Kendimi bildim bileli göçebe bir hayat yaşıyorum. İlkokulu bitirdikten sonra çantamı alıp evden çıkışımla, o diyar senin bu diyar benim dolaştıktan sonra çemberi tamamlayan manevrayla, başladığım noktaya geldim. Babam ve Oğlum filmindeki Sadık'ın "Ne oralı olabildim ne de buralı" lafı benim durumumu özetleyen laf oldu. 21. yüzyılın göçebesi...

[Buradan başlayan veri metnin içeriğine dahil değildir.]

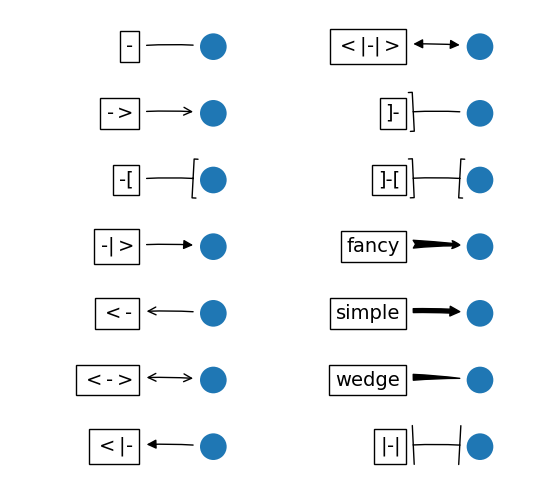 Matplotlib 画图标注annotate详解_元组_08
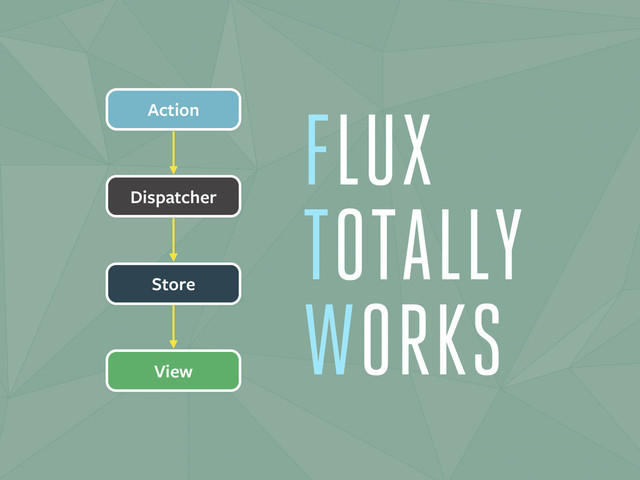 FLUX
TOTALLY
WORKS
Dispatcher
Action
Store
View
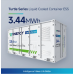 3.44MWh Grid Energy Storage Container – High-Capacity Utility BESS Solution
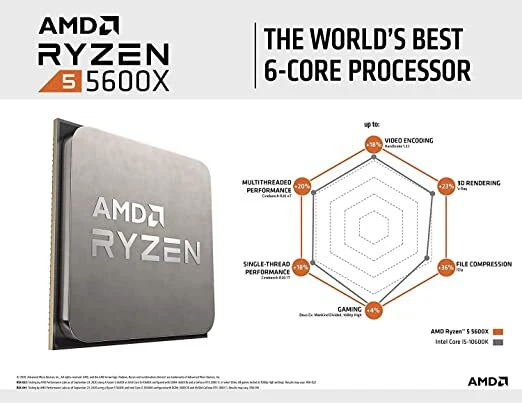 AMD Ryzen 5 5600X Zen 3 CPU 6C/12T TDP 65W Boost Up To 4.6GHz Base 3.7GHz Total - CPUs - Image 3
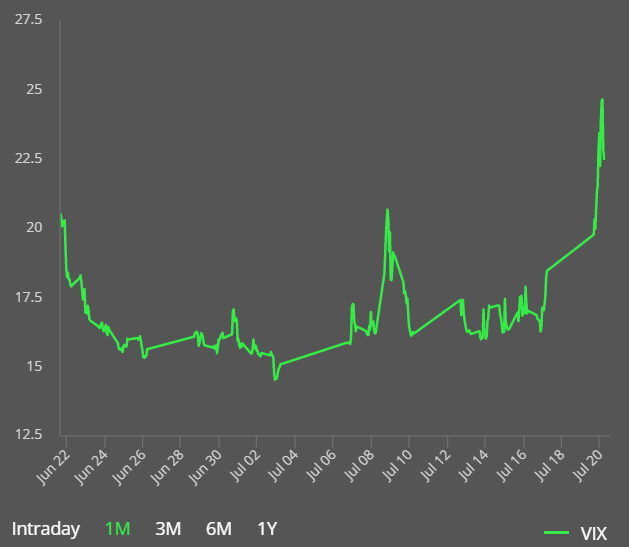 ▲시카고옵션거래소(CBOE) 공포지수 추이. 19일(현지시간) 종가 22.50 출처 CBOE 웹사이트
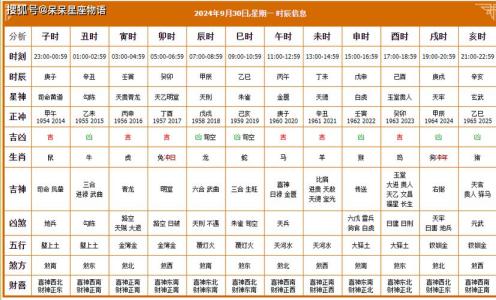 2022年6月4日财神方位查询 每日财喜神方向一览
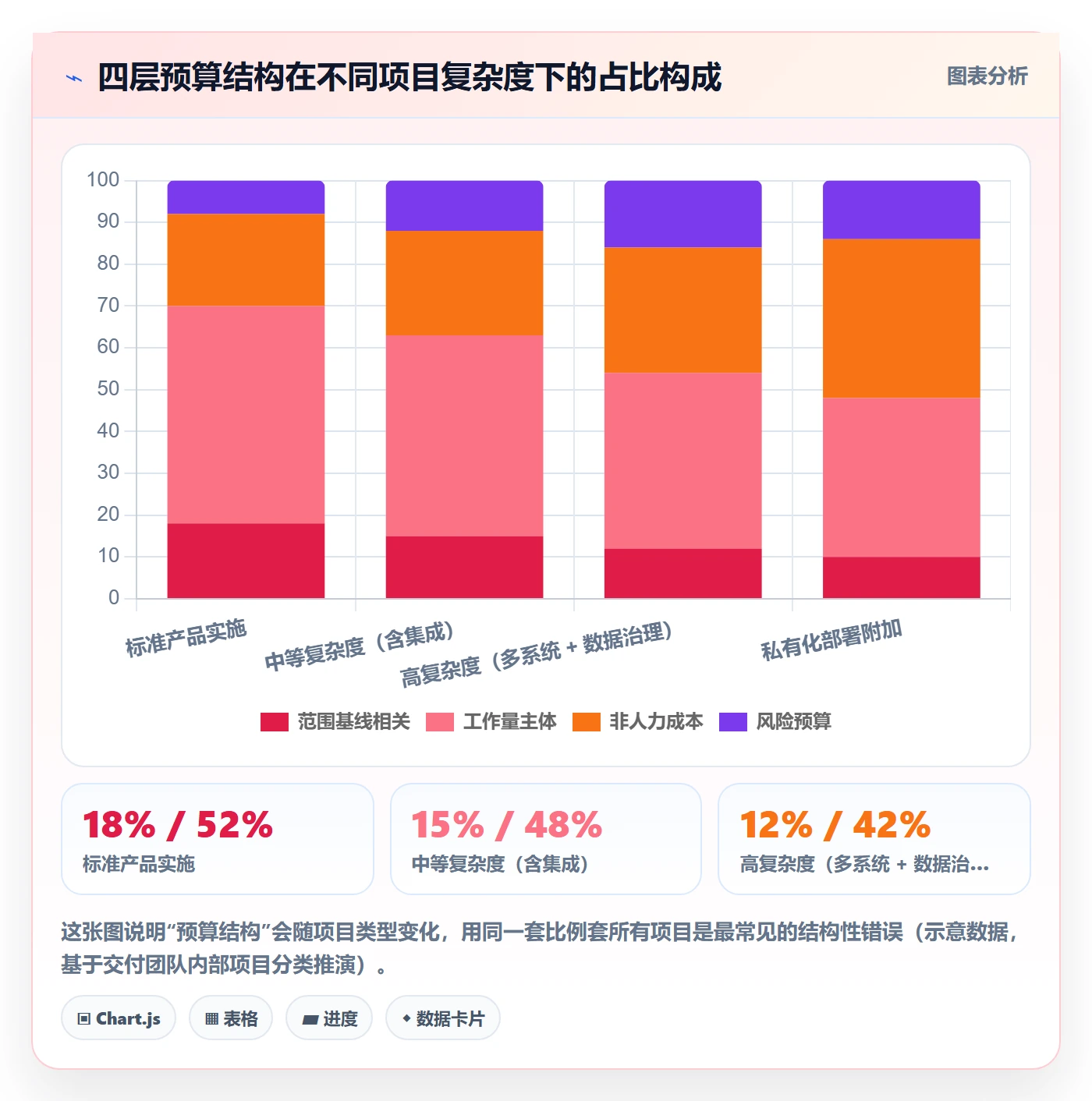 预算管理指南:实施团队如何做好项目立项,最佳实践全流程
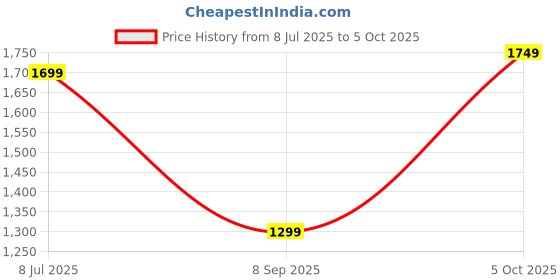 amazon.in Drumstone 15-Year Warranty Rechargeable Citrus Juicer makes fresh, on-the-go juice with USB-C charging, perfect for home or travel. Compact and portable Price History Graph from 8 Jul 2025 to 5 Oct 2025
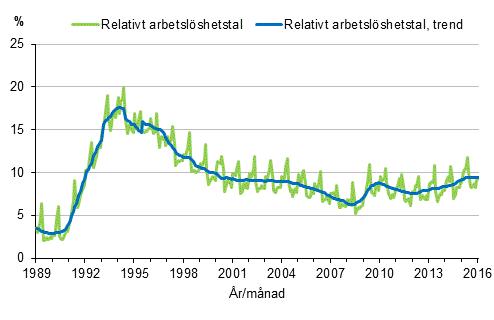 Figurbilaga 4. Relativt arbetslöshetstal och trenden för relativt arbetslöshetstal 1989/01–2016/01, 15–74-åringar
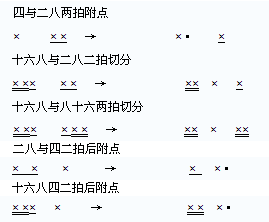 怎样进行节奏训练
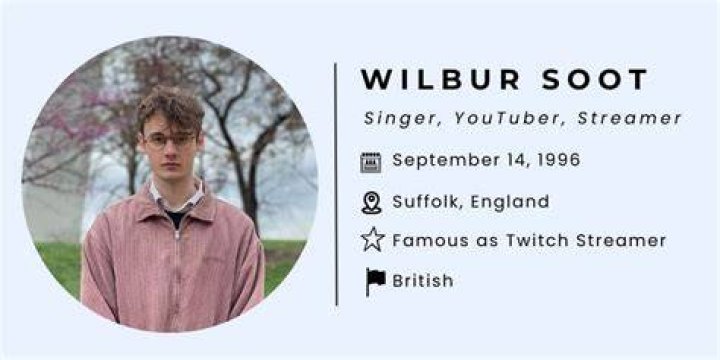 Wilbur Soot
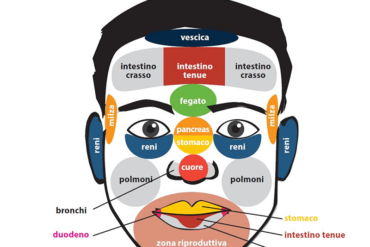 Riequilibro Naturale ed Olistico dell’Intestino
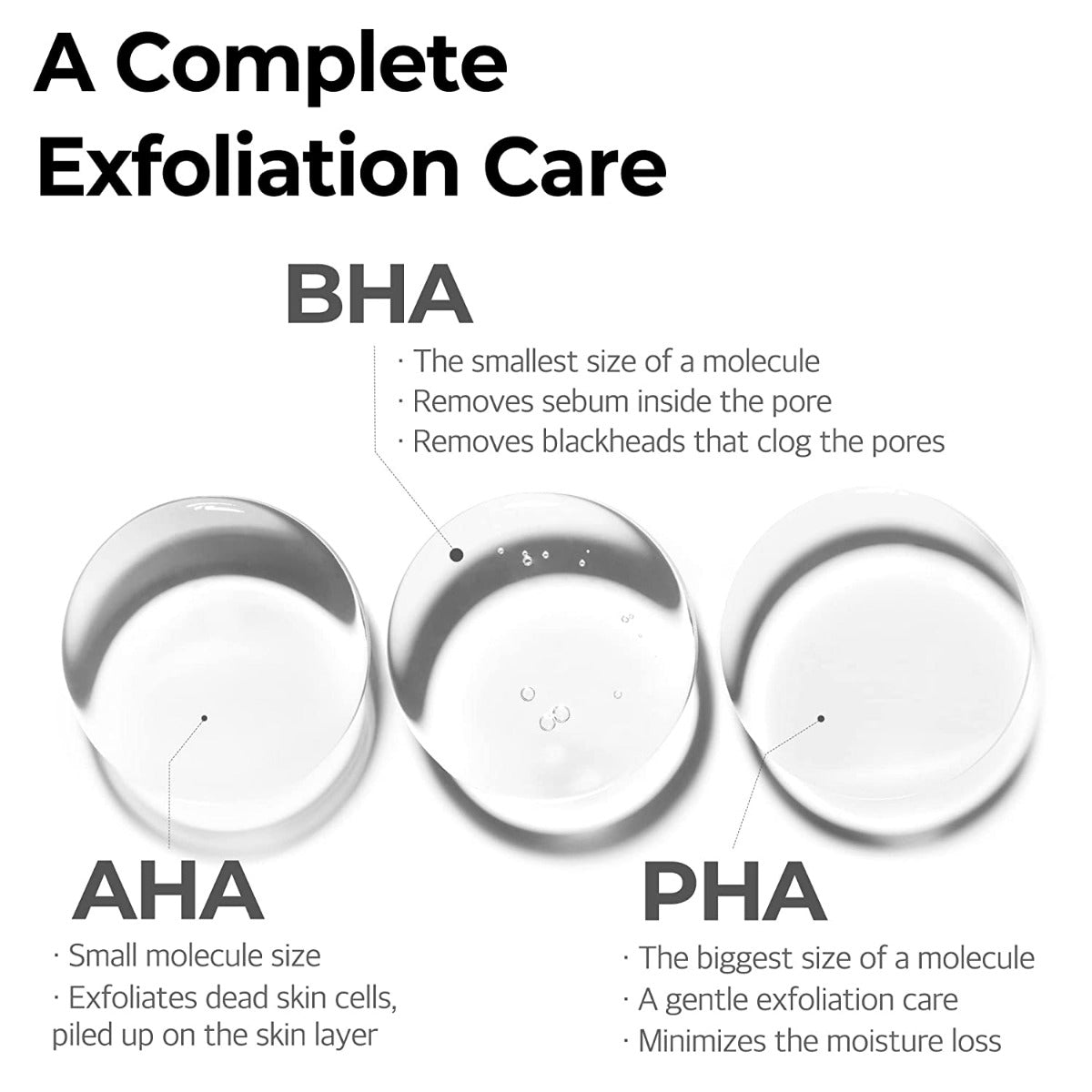 SOME BY MI AHA BHA PHA 30 Days Miracle Cream (60g)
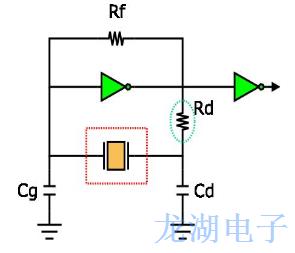 希華企業為你解答石英振蕩器常見問題的答案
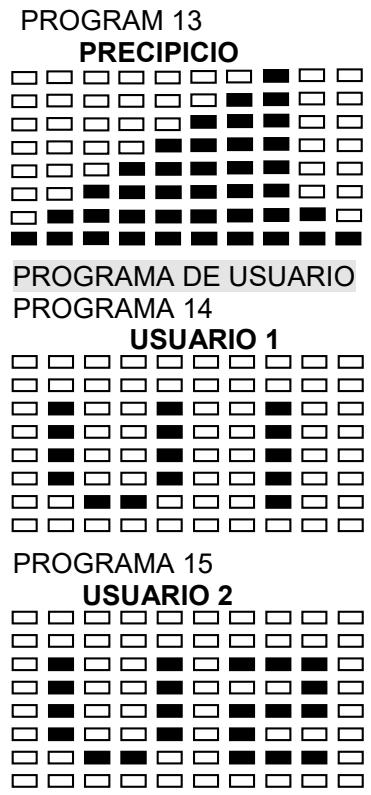 CARE FITNESS CARDIO MASTER DELUXE - Mensaje de Error: - 2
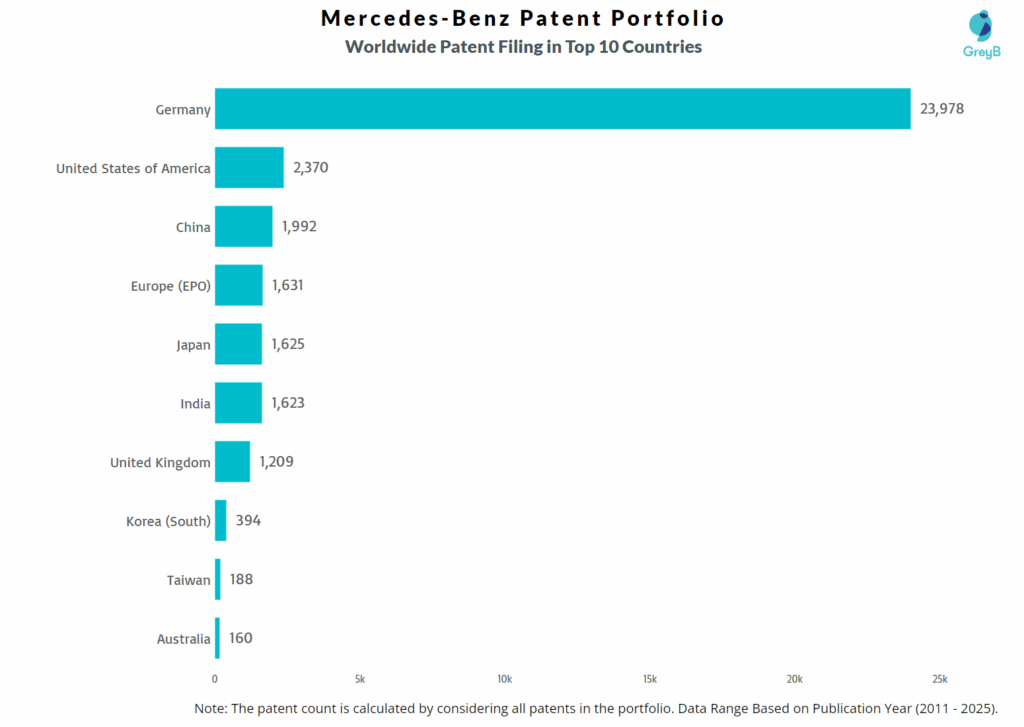 Mercedes-Benz Worldwide Patent Filing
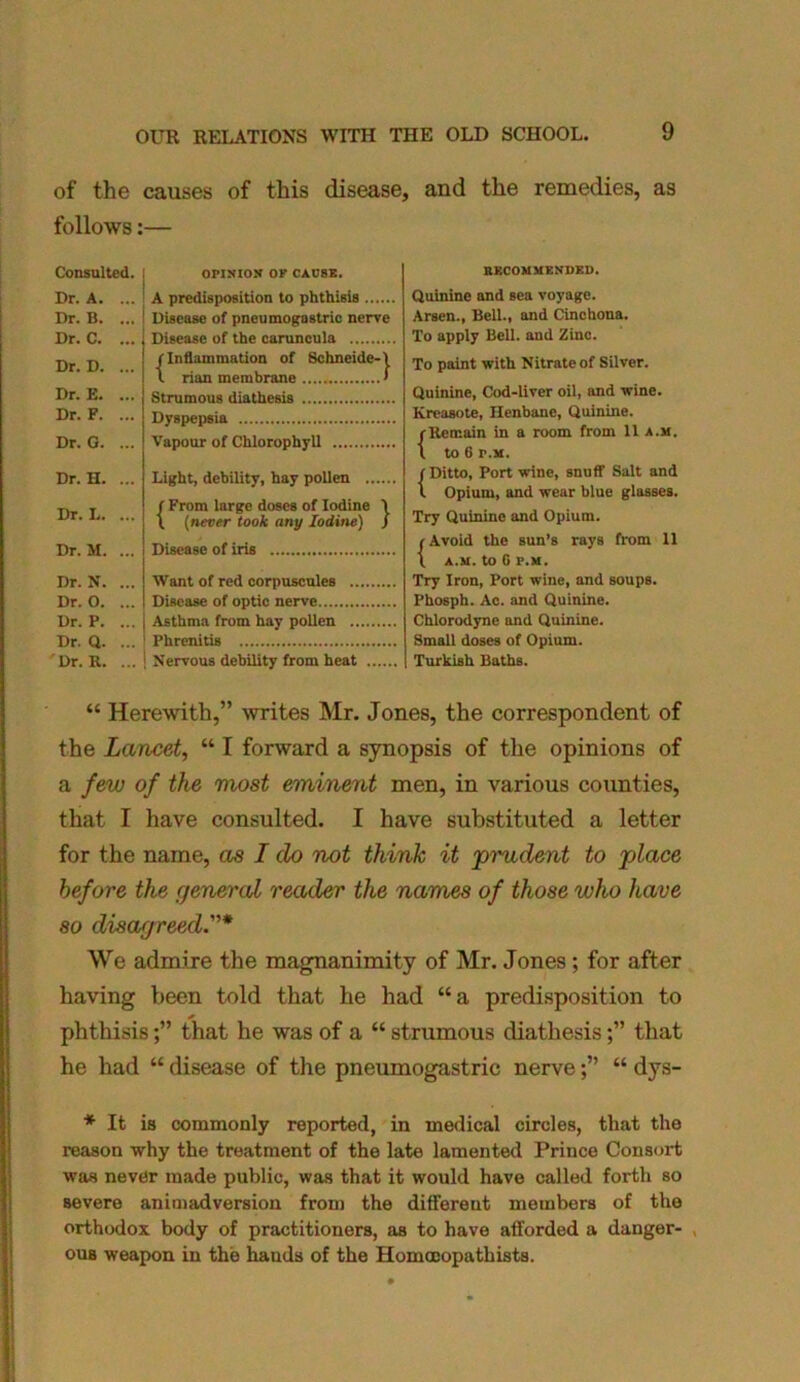 of the causes of this disease, and the remedies, as follows:— Consulted. Dr. A. ... Dr. B. ... Dr. C. ... Dr. D. ... Dr. E. ... Dr. F. ... Dr. G. ... OPINION OF CAUSE. A predisposition to phthisis Disease of pncumogastric nerve Disease of the caruncula /Inflammation of Schneide-1 \ rian membrane ' Strumous diathesis Dyspepsia Vapour of Chlorophyll Dr. H. Dr. L. Dr. M. ... Light, debility, hay pollen / From large doses of Iodine \ • \ (never took any Iodine) } ... Disease of iris Dr. N. Dr. O. Dr. P. Dr. Q. Dr. R. ... Want of red corpuscules .. ... Disease of optic nerve ... Asthma from hay pollen .. ... Phrenitis ... Nervous debility from heat RECOMMENDED. Quinine and sea voyage. Arsen., Bell., and Cinchona. To apply Bell, and Zinc. To paint with Nitrate of Silver. Quinine, Cod-liver oil, and wine. Kreasote, Henbane, Quinine. /Remain in a room from 11 a.m. \ to 6 P.M. /Ditto, Port wine, snuff Salt and l Opium, and wear blue glasses. Try Quinine and Opium. r Avoid the sun’s rays from 11 \ a.m. to 0 P.M. Try Iron, Port wine, and soups. Phosph. Ac. and Quinine. Chlorodyne and Quinine. Small doses of Opium. Turkish Baths. “ Herewith,” writes Mr. Jones, the correspondent of the Lancet, “ I forward a synopsis of the opinions of a few of the most eminent men, in various counties, that I have consulted. I have substituted a letter for the name, as I do not think it 'prudent to place before the general reader the names of those who have so disagreed We admire the magnanimity of Mr. Jones; for after having been told that he had “a predisposition to * phthisisthat he was of a “ strumous diathesisthat he had “ disease of the pneumogastric nerve“ dys- * It is commonly reported, in medical circles, that the reason why the treatment of the late lamented Prince Consort was never made public, was that it would have called forth so severe animadversion from the different members of the orthodox body of practitioners, as to have afforded a danger- ous weapon in the hands of the Homceopathists.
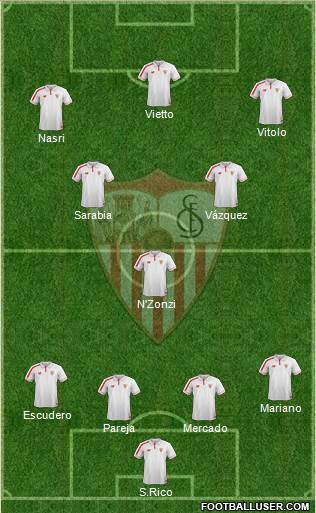 Sevilla F.C., S.A.D. Formation 2016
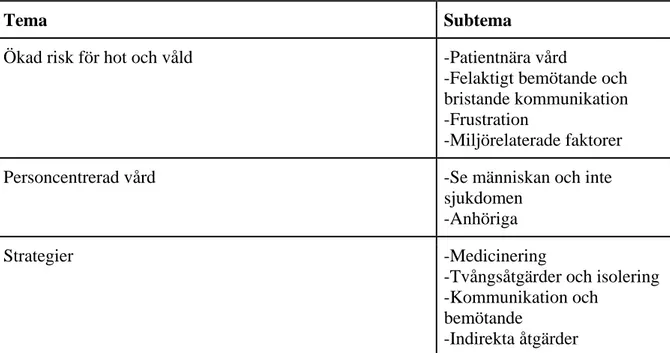 Fig 2. Tabell för teman och subteman 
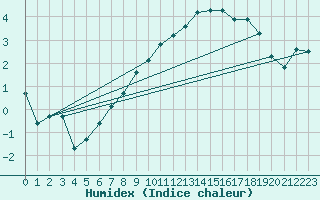 Courbe de l'humidex pour Remich (Lu)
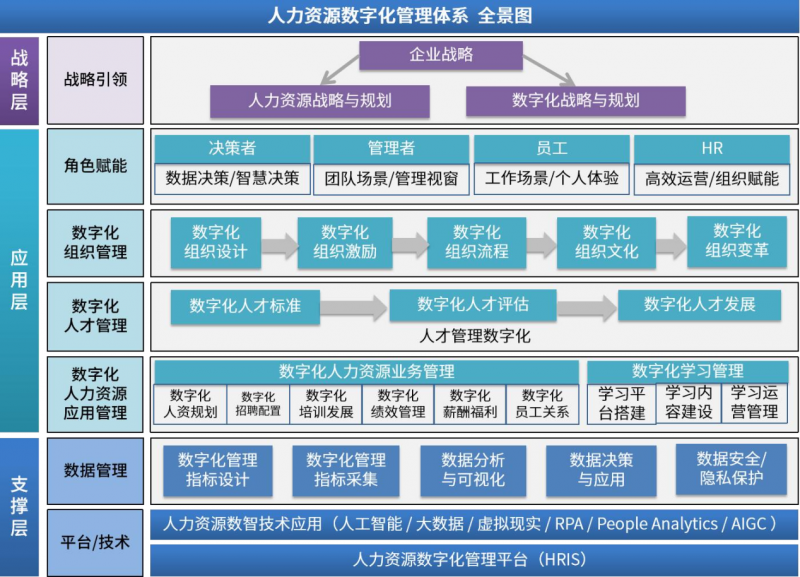 直击数字化管理浪潮，环球网校人力资源课程全新上线！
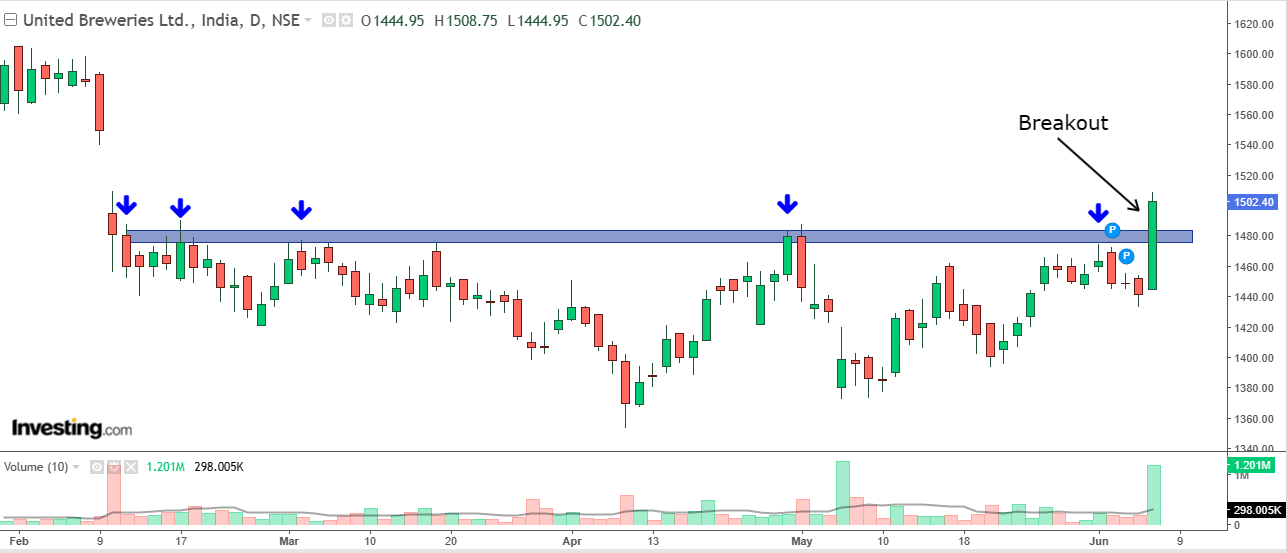 Daily chart of UBL with volume bars at the bottom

Geçmişin göçebesi, soğuk ve sıcakta yol alır, açlık onun peşini bırakmazdı. Deriden çadırını, ailesini ve kabilesini de birlikte taşırdı. Sosyal çevresi, yuva adını verdiği fiziksel yapı da onunla birlikte yol alırdı. Günümüz göçebesiyse, fiziksel yapıları ardında bırakmaktadır. Yerin(coğrafyanın) artık çeşitliliği sağlayan bir kaynak olmadığı öğrenilmiştir. İnsanlar arasında ayrılıklar coğrafi temellere doğrudan dayandırılmamaktadır. Başvuru dilekçelerindeki adres geçici olabilmektedir. Artık insanlar yerel özelliklerini edinecek oranda aynı bölgelerde kalmamaktadırlar. Bu durum bir anlamda coğrafyanın ölümü demektir. Hareket, göç, kazanı öyle bir karıştırmış ki kişiler arasındaki değişiklikler artık bulundukları yerlerle ilişkili değildir. Bir yere/kente bağlanma bir şirkete, mesleğe ya da bir derneğe duyulan bağlanmaya göre zayıflamıştır. Bu açıdan bakıldığında, bağlanma duygularının yerle ilişkili sosyal yapılardan(kent, ülke, komşuluk vb) kopup, hareketli akıcı ve yere bağlı olmayan kuruluşlara(şirket, meslek, arkadaşlık bağları) kaydığı söylenebilir. Bir yerde yaşam boyu kalma, kırsal alanlarda görülen bir özelliktir. Bulunduğu yerden taşınan kişi, çevre yerlerle de ilişkisini kesmektedir. Alışveriş ettiği mağazasını, mahalledeki bakkalını, otobüs durağını, berberini vb. değiştirmektedir. Yaşam süremiz boyunca birçok yeni yer görmekle kalmıyor, yerlerle olan ilgimizin süresini gittikçe kısaltıyoruz. Böylece toplumdaki hız dürtüsünün, kişiyi ne kadar etkilediğini açıkça görmekteyiz. Çünkü kişinin mekanla olan ilişkisi, nesnelerle olan ilişkisine paralel olarak yürümektedir. Her iki durumda da birey, bağlarını çabucak koparmaya zorlanmakta ve yaşam hızının arttığını görmektedir.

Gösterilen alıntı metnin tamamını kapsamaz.